If you had a doubt as to the true alignment of your representatives when it comes to childhood obesity, last week Congress showed that all you need to do is follow the money trail. Lobbies representing the biggest food advertisers have gotten to our elected officials and convinced them that marketing Apple Jacks to children is just fine.
Because a cereal that is 40% sugar by weight is a healthy way for little Sally to start the day. And a cereal with hyperactivity triggering artificial dyes is a wonderful way for little Johnny to get in the groove on a school day.
Here’s the story:
Two years ago, Congress asked 4 agencies to review the marketing practices of the food industry when it comes to children, and to provide recommendations. The interagency working group (IWG), comprised of members from the FTC, FDA, USDA, and CDC sat diligently and came up with a set of proposed principles that would not be written into law, rather VOLUNTARILY accepted by the food industry.
Food marketers were very upset, and demanded changes to the proposals.
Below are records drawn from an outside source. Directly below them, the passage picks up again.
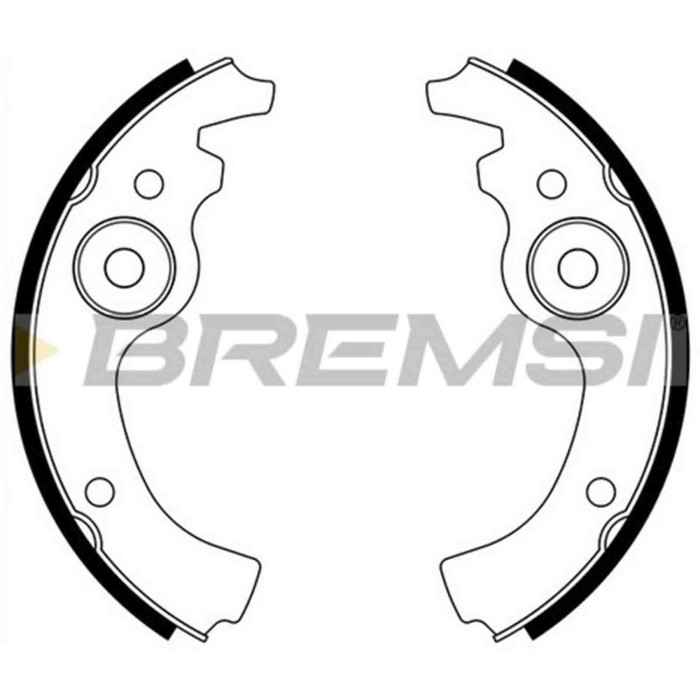 GF01411010.jpg Kit Ganasce Freno Posteriore Autobianchi Bianchina Berlina Gf01411010 Magg. +10/10 S.f. Fiat Bremsi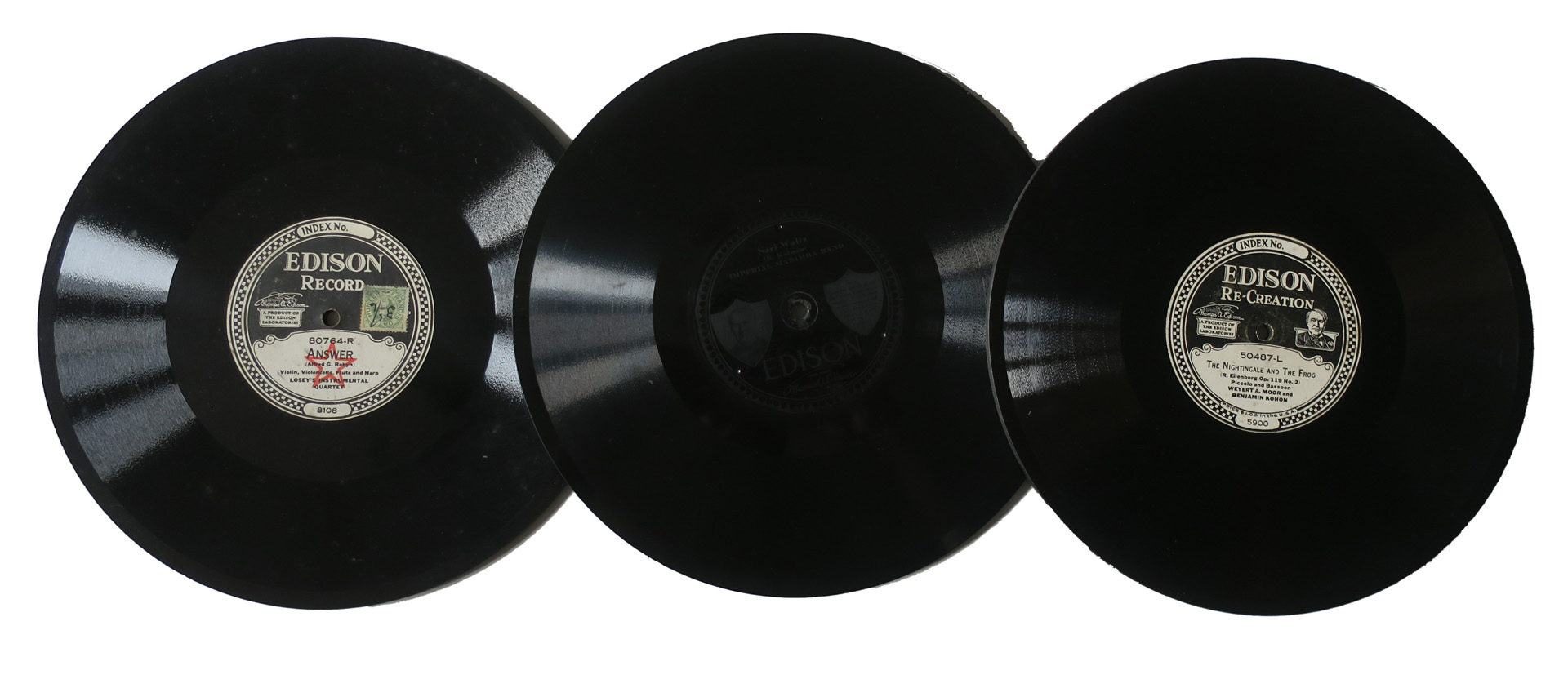 Edison Diamond Discs, thirty-seven, of mixed content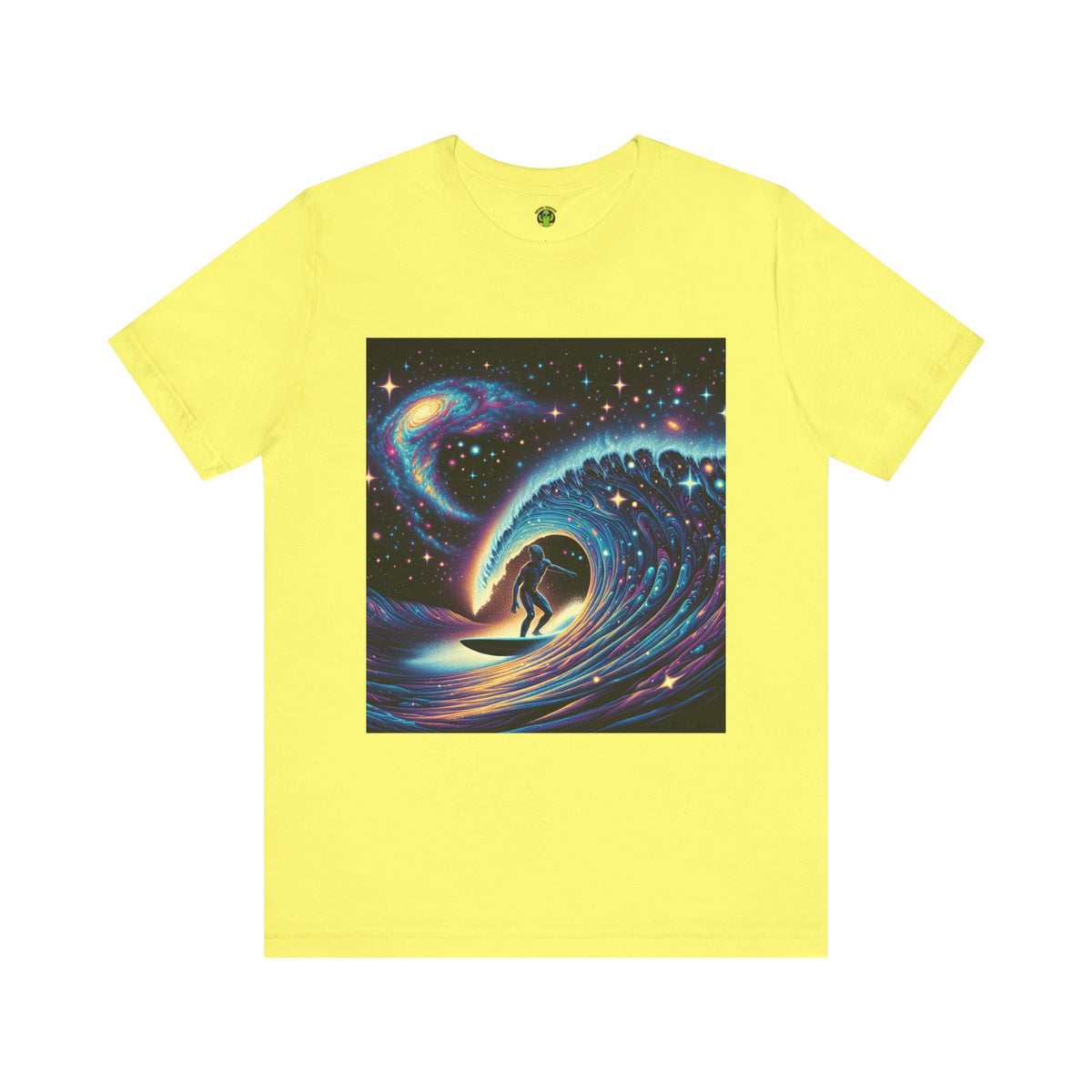 Cosmic Wave Tee Graphic Tee, Galaxy Art T-Shirt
So a few months ago, unwillingly, the IWG weakened these voluntary guidelines.
But that was still not good enough. Last week, Congress shot down the proposals through the use of some lame “cost benefit analysis” rule:
What’s the cost benefit analysis? Well, if the voluntary guidelines were to be adopted, billions of dollars in advertising would not be spent, and even more billions in revenue would not be made. But kids would consume less crap. That sounds like a great idea for America’s children. But it’s “bad for business”.
Expect a 2012 filled with junk food commercials planted in our kids’ brains, and then later in their stomachs. Sigh.